Mom made the best apple squares – using lard! – and Dutch apple pies and of course, applesauce. One of my favorite memories is from kindergarten when she came to my classroom and helped us all make applesauce. I was so shy in kindergarten that I never spoke a word out loud so it was a memorable day for me to have the reassurance of my "mommy" with me, even if it was just that one day. In fact, I just recently came across the big thank-you letter our teacher/class wrote to mom.

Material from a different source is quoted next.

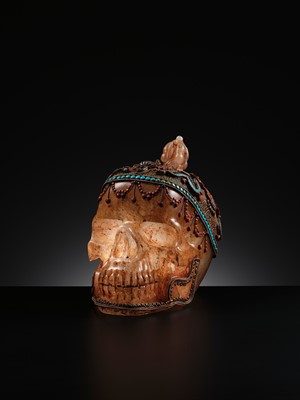 Lot 56 - A MONUMENTAL AND RARE ROCK CRYSTAL SKULL WEARING A GEMSTONE-INLAID GILT-METAL FILIGREE CROWN, 19TH TO FIRST HALF OF 20TH CENTURY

So here I am now in a house that has an apple tree right off the back deck. Every year I make a few Dutch apple pies and then we pick up the rest and pile them up for the deer. This year the tree produced the most beautiful, biggest apples it ever has in over ten years. Being on sabbatical, I decided to return to my "past life" and made applesauce. Ahhh, the smells and tastes of childhood! And yes, there was still a wheelbarrow full of apples left for the deer, with more on the tree.

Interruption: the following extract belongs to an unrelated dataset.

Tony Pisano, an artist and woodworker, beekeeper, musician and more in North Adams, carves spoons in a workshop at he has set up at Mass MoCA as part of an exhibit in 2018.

It is so satisfying to me to pick the fruit or vegetables and then can or freeze them for the long winter nights ahead. I've missed that over these past years I've been in Oregon. This year, I have pureed squash to freeze for making soup later, made pesto, blackberry jam…and now applesauce will go on the shelves. A taste of childhood. A taste of the past. Satisfying indeed.

Monday, October 12, 2009

Primary Colors

Sir Isaac Newton developed the first circular diagram of colors in 1666 and countless scientists and artists have studied color since that time. For some reason, color theory stymies me. Maybe I just have a block about it – sorta like square roots and stuff like that. As soon as I start reading about primary, secondary, tertiary, complementary, analogous --- my eyes glaze over and my head screams, "I just want something pretty!"

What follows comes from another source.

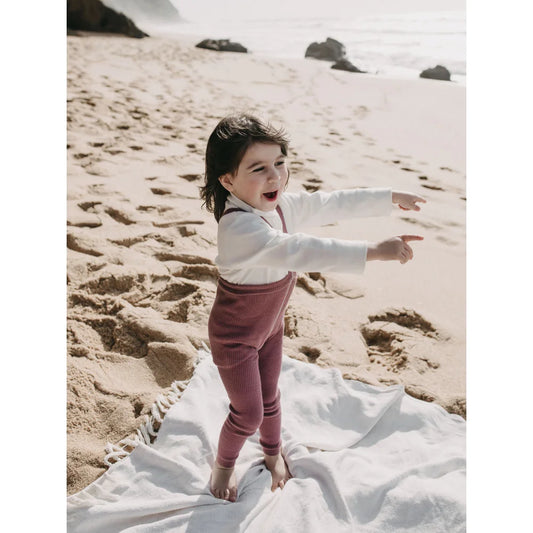 Junger Junge am Strand auf weißem Tuch mit ausgebreiteten Armen in Strumpfhose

A good "color sense" and some rudimentary knowledge of color theory goes far in designing rugs or quilts and especially in dyeing. I remember the first time Leota (the dear woman who taught me how too hook) pulled out a huge poster board with little snippets of color pasted all over in a circle and suggested that I memorize it. Hey, I just wanna make pretty rugs!
This week I wanted to dye some primary colors for the border of "Perfect Harmony" rug. I have lots of eight-value swatches in my stash but seem to be short on larger pieces of basic colors. It's difficult for my head to wrap around the concept that dyeing a piece of yellow wool means I have to pull out not only a yellow dye, but some red and blue dyes as well. April from Red Jack rugs calls yellow, red, and blue the "magic colors". I like that!

Imagine…all the colors in the universe can be created from just these three colors! Every beauteous shade and hue is a result of a unique combination of these magic colors. Each one of us is an individual, shining our light in different ways, beautiful and unique to ourselves. And yet, when it gets right down to it…we are all made up of the same magic qualities. I don't know how you might name the three constituent parts of ourselves – mind, body, spirit? Love, imagination, faith? Doesn't much matter…as Hans Hofmann said, "It is not the form that dictates the color, but the color that brings out the form."

Anyway….here's what the dye pot yielded last week (along with the two pics above)…

Wednesday, October 7, 2009

10 Minute Challenge - Week 2

Here is progress after the second week of participating in the 10 Minute challenge. I am just squeaking by with wool for the sky - I have some much darker and lighter values remaining. I am realizing that I tend to use mostly middle values in my hooking. I've noticed that the #3-5 values always get used up first and I have lots of 1, 2, 7, 8 and some 6 leftover (a swatch is generally dyed with 8 values of a specific color formula). Yesterday was spent dyeing primary colors for the border...more about that later!